Exercise objective -> Set the pictures aside and set down only the lines from the line holding "K272夸张质感时尚潮流气质名媛街拍几何白金小鸟创意金属耳环～女" through the end of the entries below, ends included.

Data records ->
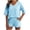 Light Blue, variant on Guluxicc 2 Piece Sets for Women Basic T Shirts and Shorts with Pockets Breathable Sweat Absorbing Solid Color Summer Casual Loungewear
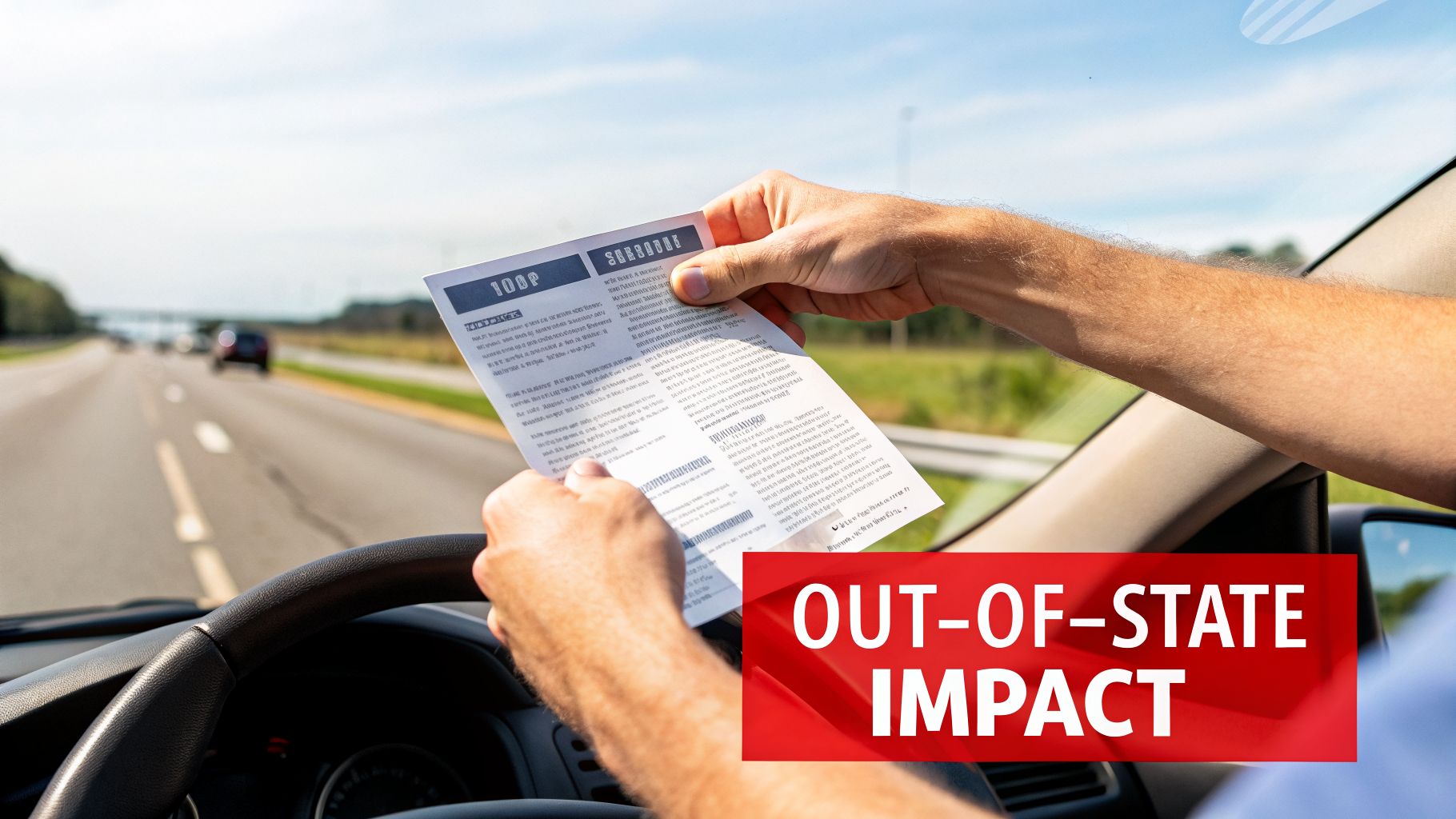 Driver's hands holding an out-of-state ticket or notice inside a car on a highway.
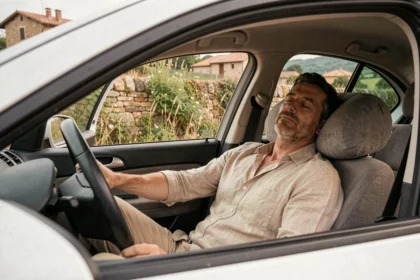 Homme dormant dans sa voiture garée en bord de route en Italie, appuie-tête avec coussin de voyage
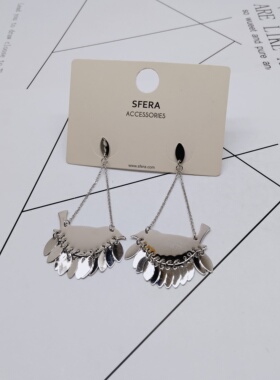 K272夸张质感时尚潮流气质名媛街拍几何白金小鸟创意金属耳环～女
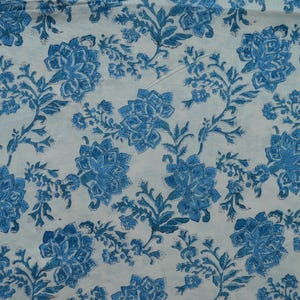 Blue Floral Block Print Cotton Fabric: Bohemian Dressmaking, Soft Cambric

Result of this exercise ->
 K272夸张质感时尚潮流气质名媛街拍几何白金小鸟创意金属耳环～女
 Blue Floral Block Print Cotton Fabric: Bohemian Dressmaking, Soft Cambric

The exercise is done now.